▸ **WHAT IS REQUIRED**:
Although the data below contains pictures, please reproduce only its words, exactly.

▸ **DATA EXTRACT**:
========================

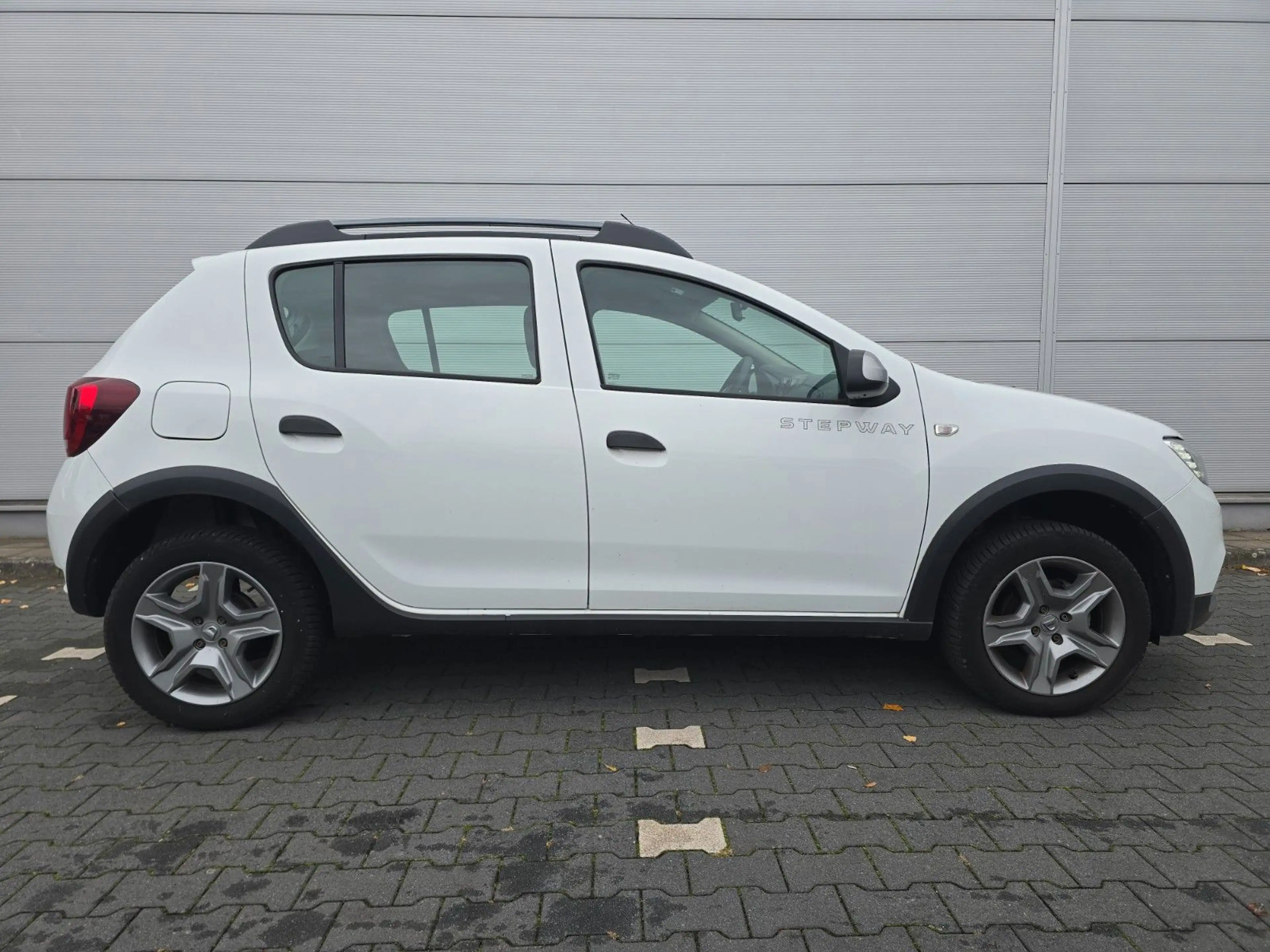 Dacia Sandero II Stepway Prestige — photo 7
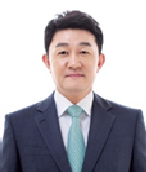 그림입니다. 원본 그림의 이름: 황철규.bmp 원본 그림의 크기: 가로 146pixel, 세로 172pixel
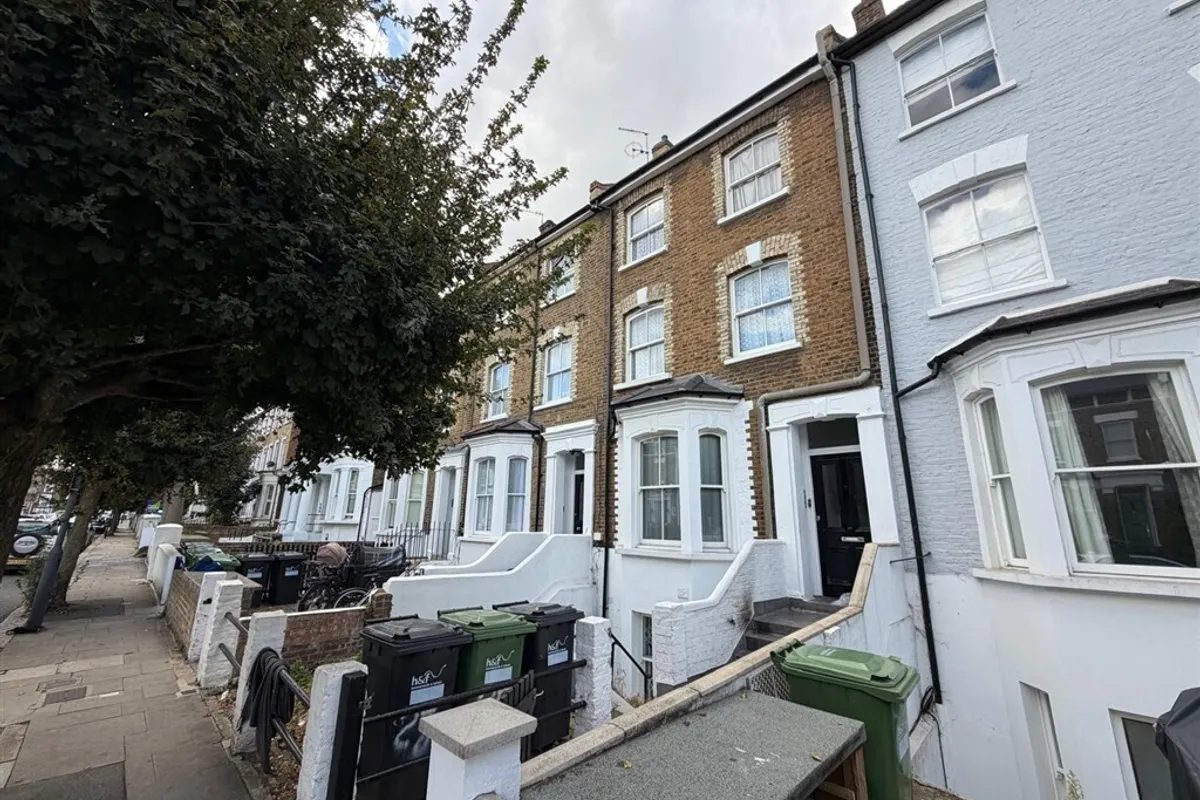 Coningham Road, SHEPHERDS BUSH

========================

▸ **TASK OUTPUT**:
 Dacia Sandero II Stepway Prestige — photo 7
 그림입니다. 원본 그림의 이름: 황철규.bmp 원본 그림의 크기: 가로 146pixel, 세로 172pixel
 Coningham Road, SHEPHERDS BUSH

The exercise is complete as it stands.